The Italian Ham You Need to Know 

by Jessica Colley Clarke 


The name “Prince Charles was scribbled on the first tag. The next read: Osteria Francescana. I was standing in the cellars of Antica Corte Pallavicina—a farmhouse turned destination restaurant and boutique hotel on the Po River in Emilia Romagna—beneath 6,000 aging culatelli, the largely undisputed king of ham in a country renowned for its cured meats. My entire trip to Italy had been planned around a single bite.  

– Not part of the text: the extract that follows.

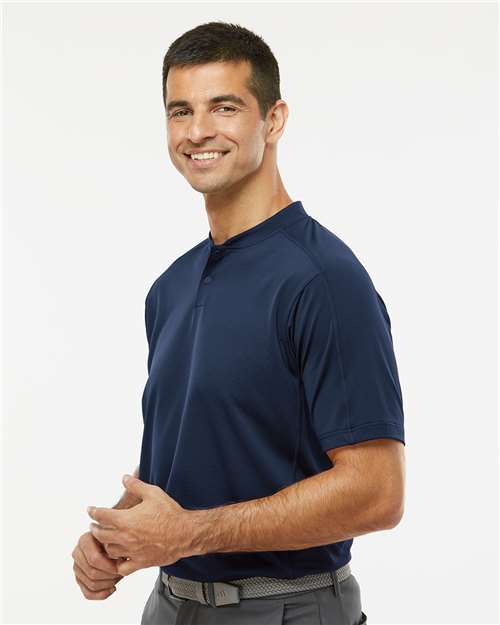 Collegiate Navy Sport Collar Polo - A584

Royalty and Italy’s top chefs aren’t the only ones who have discovered how ham reaches sublime status in these cool stone cellars dating back to 1320. Hungry travelers can book a room, wander the kitchen gardens, dine in the Michelin-rated restaurant, and set out on a tour of the fabled cellars, where a unique combination of environmental conditions is responsible for the superior quality of the culatelli. There are no machines or technology involved, only ancient methods of curing meat and plenty of patience. 


While Italian products like Prosciutto di Parma have reached international fame, the hyper-local culatello (translation: little ass) is mainly consumed in a small section of Emilia Romagna, the fertile region of Italy known for its prized food products like parmigiano reggiano cheese. Unlike some of its cured meat cousins, culatello supposedly doesn’t travel well (and can’t be imported to the U.S.). As a result, people craving a taste must travel to the source to sample the hand-sliced culatelli, aged in cellars for a minimum of 12 months and up to around 36 months.  


Photo by Luca Rossi 

Culatello is made from the rear of the pig’s leg. The boneless cut, about the size of an oblong volleyball, is first rubbed with garlic, salt, pepper, and a local wine. Then it’s encased in a clean pig’s bladder, tied in a series of stitches that resembles a net, and hung in the cellar where it ages and gathers natural molds. The ever-present fog coming off the Po River, a microclimate unique to this precise location, is given some credit for the character of the meat.  


“The area is famous for its particular microclimate, we have a lot of humidity all year long,” says Zeno, a representative of Antica Corte Pallavicina. “This environment helps the aging process.” 


Photo by Luca Rossi 

A modern Michelin-rated restaurant with floor-to-ceiling glass windows and white tablecloths sits above the stone cellars. During my visit, each table began the meal with a tasting, or podium, of culatelli including a selection from the white pig, aged over 18, 27, and 37 months, plus (for an extra cost) the chance to taste a gran riserva culatello made from black pig and aged over 40 months.  


“Culatello has a different flavor due to the aging process and the molds that cover it,” Zeno says. Sit down to a tasting of culatello and the aromas can call to mind a range of scent memories from mushrooms to chestnuts to undergrowth. 


I started at the youngest, and proceeded with age. The culatello is best enjoyed eaten slowly, paying attention to the almost creamy texture, the density of flavor. A second pass through the ages of culatelli revealed even more complex flavors: it can be sweet, smoky, and funky all at once. Each table lingered over the first course, entirely consumed by the slices carefully arranged on the plate. Classic accompaniments include white bread, pickled vegetables, and a glass of sparkling wine. 


Photo by Luca Rossi 

While culatello can’t be imported to the US, it is possible to purchase one during a visit to Antica Corte Pallavicina. Just be sure to finish it off before boarding the plane back home.